Social Justice

Pension triple lock: What is it and how does it affect me?

Pensioners could see a substantial rise to their income next year. Here's what you need to know about the pension triple lock

An older man sits on a couch looking at an iPad. Pension triple lock

Campaigners are worried the pension triple lock will not be reintroduced in 2023. Image: Pexels

Older generations are expected to see a substantial boost to their income from April due to the pension triple lock. 

This is because wage growth has soared above inflation and hit 8.5%, and state pension could rise by as much as this when it is uprated next year. 

Speaking to BBC Radio 4, the work and pensions secretary Mel Stride said the government remained “committed” to the triple lock promise.

But he said he was “not going to get into the mechanics” of the official process to work out the increase, which begins later this autumn.

So, what is the triple lock? And how much will pensions rise? Here’s what you need to know.

What is the pension triple lock?

Under the so-called triple lock, the UK state pension is guaranteed to increase every year based on whichever of three things – inflation, wage growth or 2.5 per cent – is highest at that time.

It means people entitled to a state pension (currently set at 66) are more likely to have enough income to cover the real cost of living.

State pension levels were linked to earnings until 1980. Over the next three decades, pension payments were dragged down by around 40 per cent in real terms relative to average wages.

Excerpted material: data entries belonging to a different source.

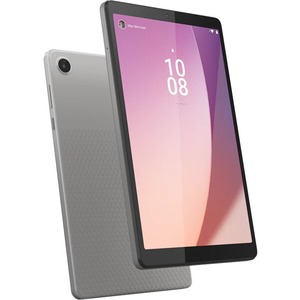 Lenovo Tab M8 (4th Gen) TB300FU Tablet - 8" HD - Cortex A53 Quad-core (4 Core) 2 GHz - 3 GB RAM - 32 GB Storage - Android 12 (Go Edition) - Arctic Gray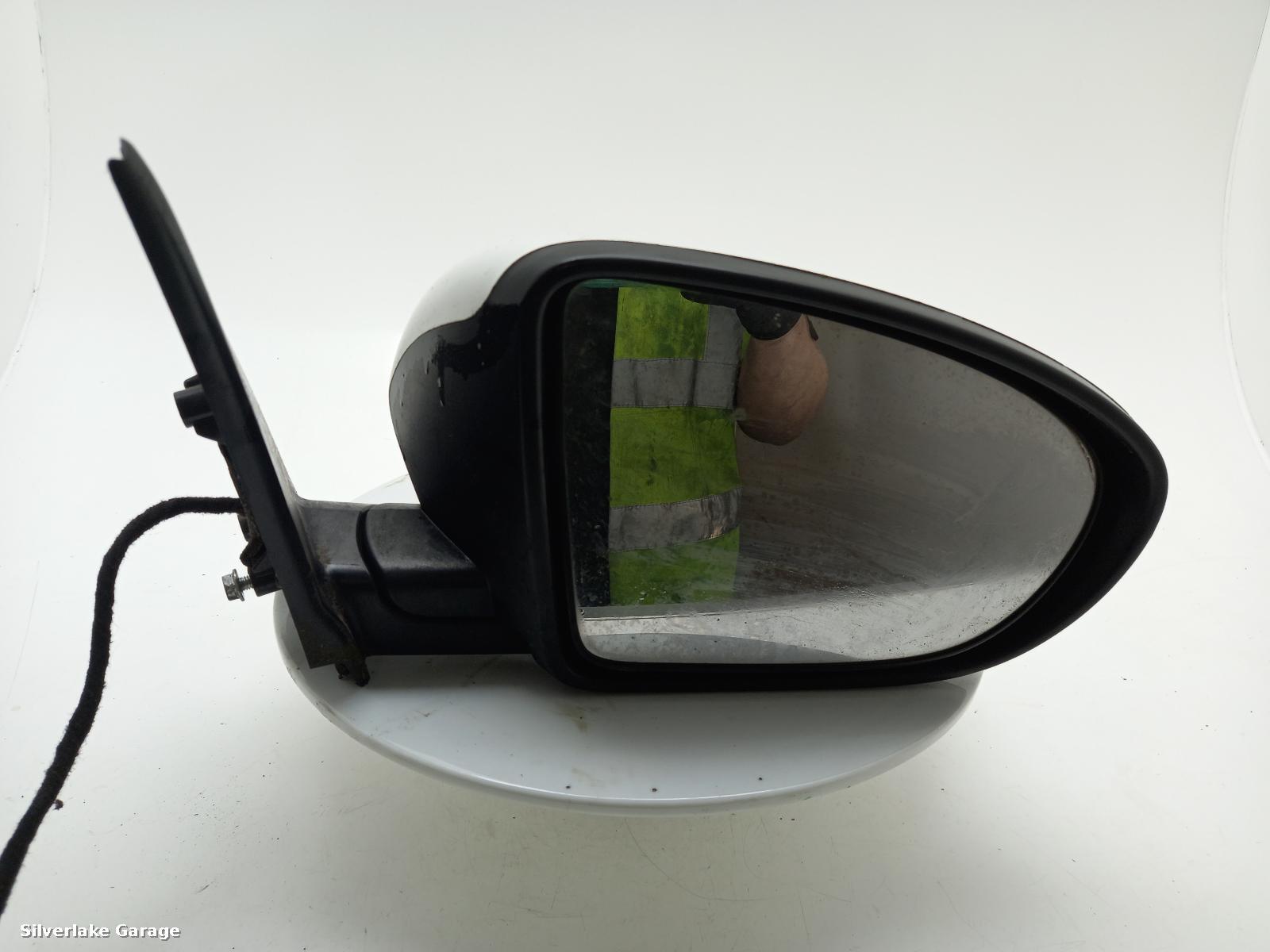 View Auto part R Door Mirror NISSAN QASHQAI 2011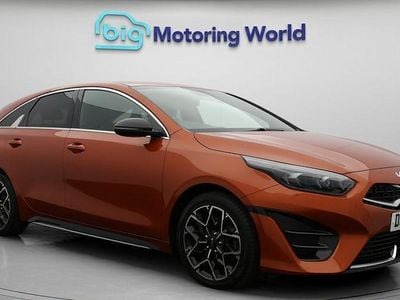 Kia ProCeed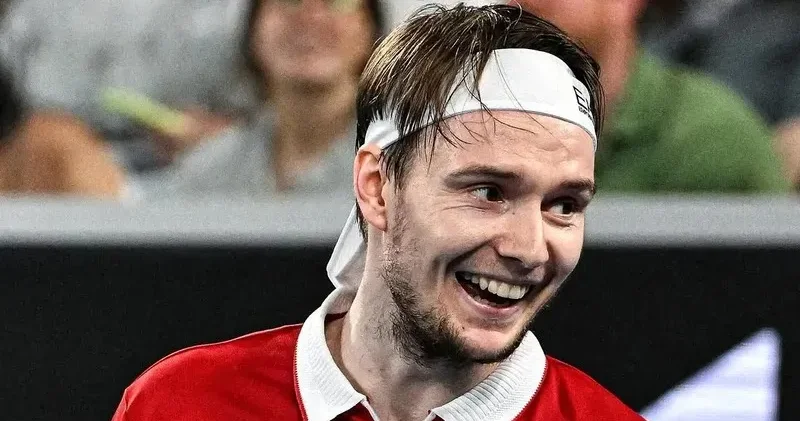 Александр Бублик US Open 2026 додасын жеңіспен бастады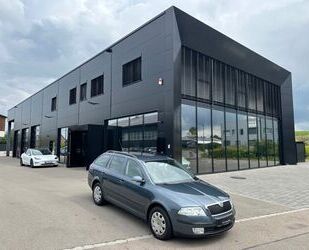 Skoda Skoda Octavia Combi Ambiente/Automatik/Klima/AHK Gebrauchtwagen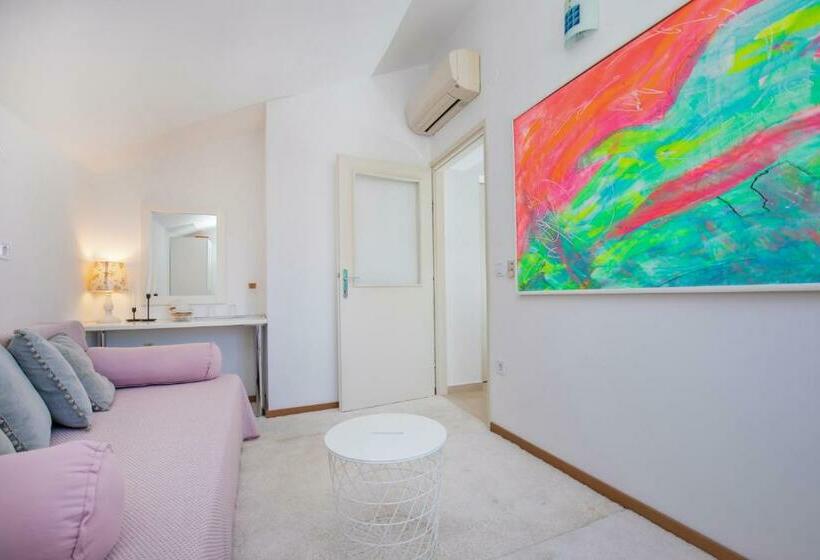 Четырехместный Номер Стандарт Вид на Море, Sweet Village Hotel By The Sea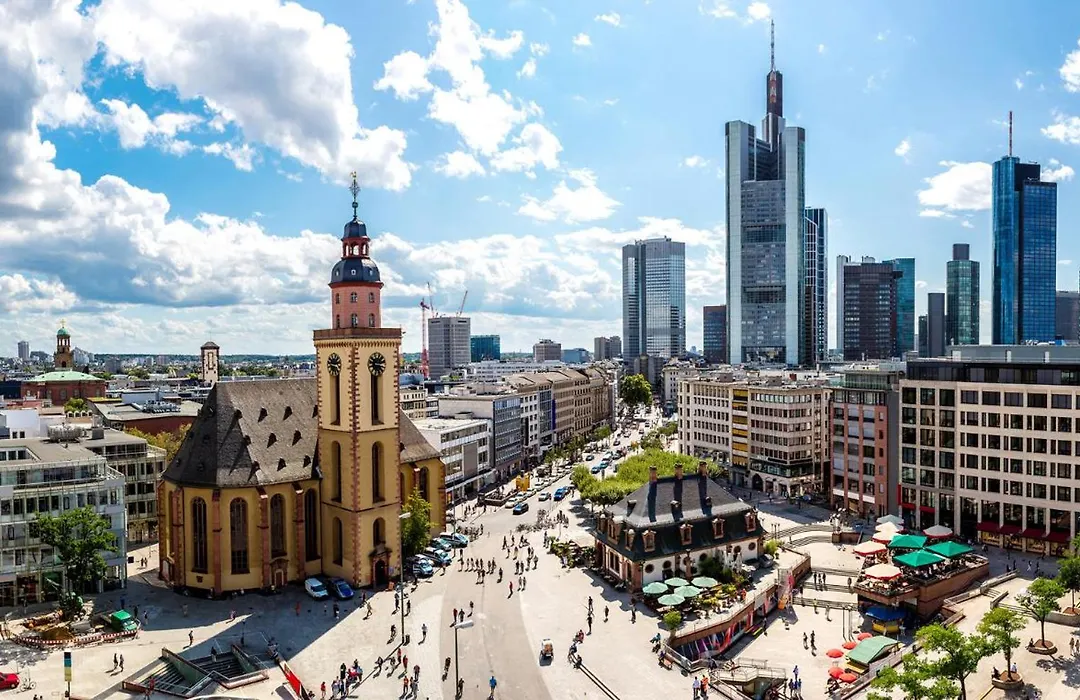 Main Hotel Frankfurt City-1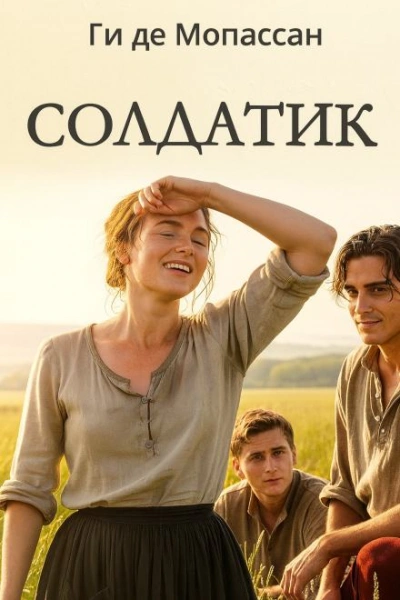 Солдатик - Ги де Мопассан - современные аудиокниги попаданцы мр3 слушать на лучшем сайте booksaudio-online.com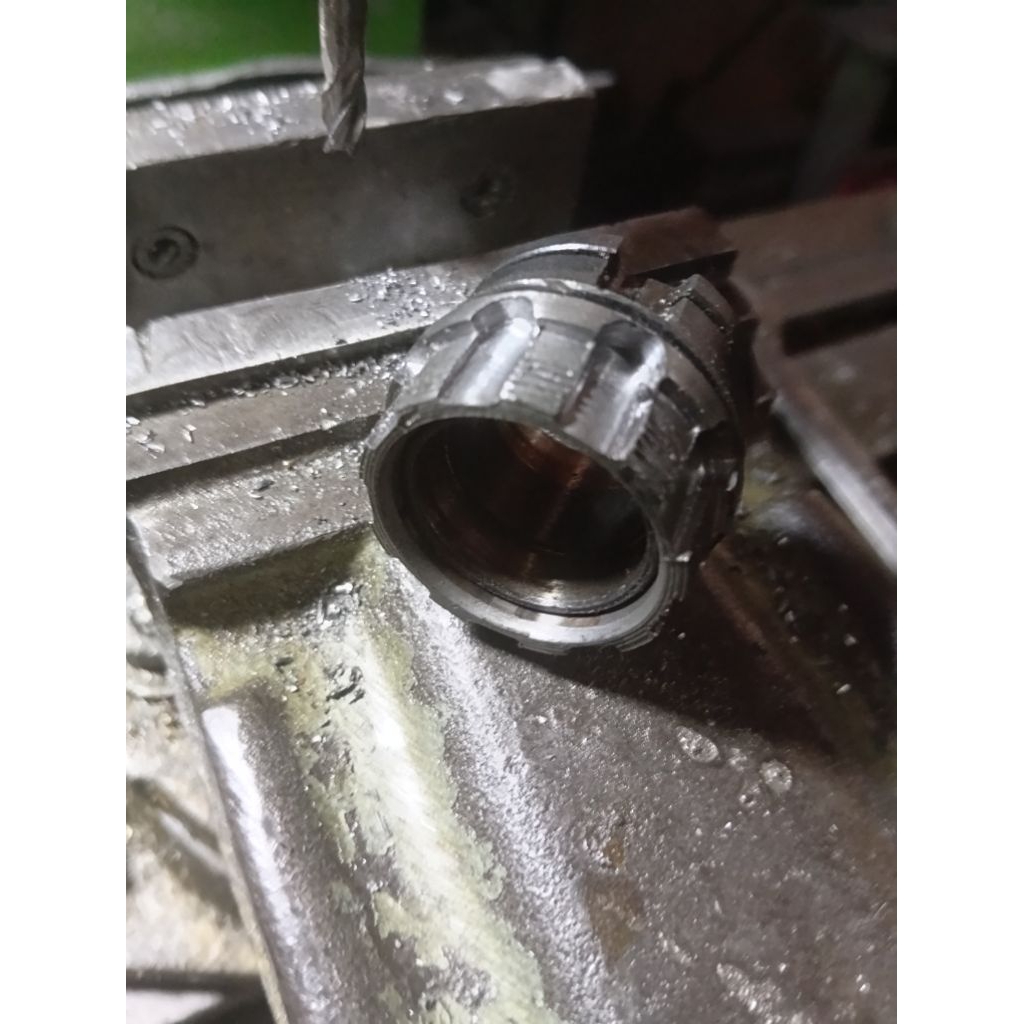 body  rumah pawl/cog untuk freehub free 9T modif rumah cog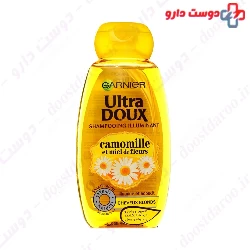 Honey And Camomille Illuminate Shampoo Garnier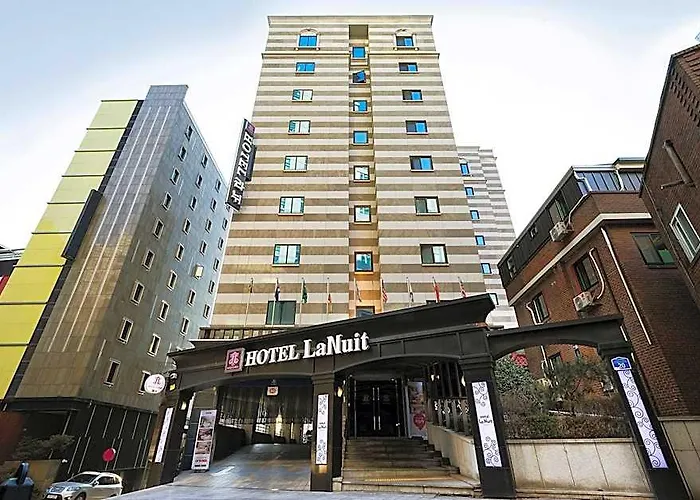 Shinchon La Nuit Hotel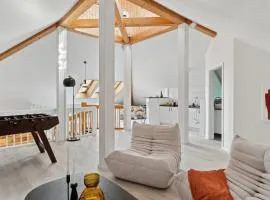 Bodensee Loft Traumhafte Ferienwohnung bis zu 10 Personen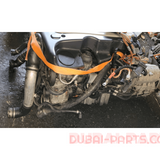 Bmw M57 3.0 2006 Diesel Engine Gearbox With Control Genuine Product used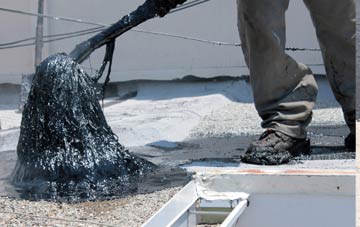 Sigford flat roof waterproofing costs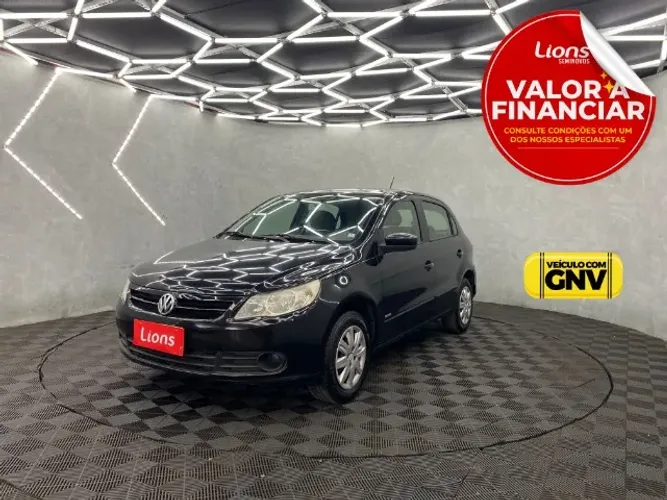 Volkswagen Gol Geração V 1.0 8V MI Total Flex Mec. 4P 2013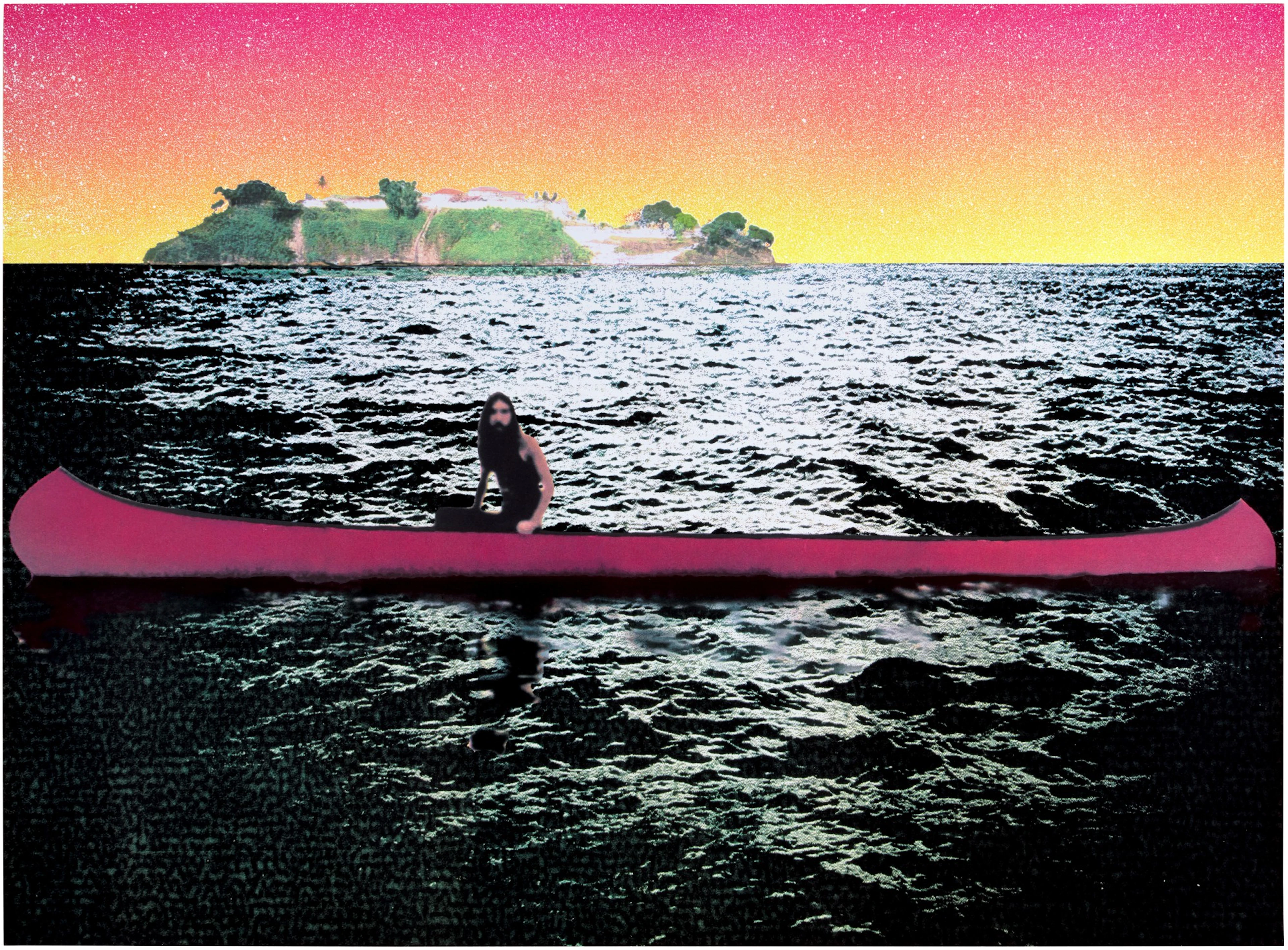 Canoe Island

The policy was reintroduced by the Conservative-Liberal Democrat coalition in 2010.

How much will state pensions rise?

According to the triple lock, state pension will rise by whichever is highest: CPI inflation, wage growth or 2.5%. It’s likely that wage growth, which recently hit 8.5%, will be the highest of these and pensions will see a substantial increase with it. 

That’s as long as the government continues with the pension triple lock. Ministers claim to be “committed” to it, but the government has steered away from it before when wage growth was disproportionately high. 

Why did the government temporarily suspend the pension triple lock?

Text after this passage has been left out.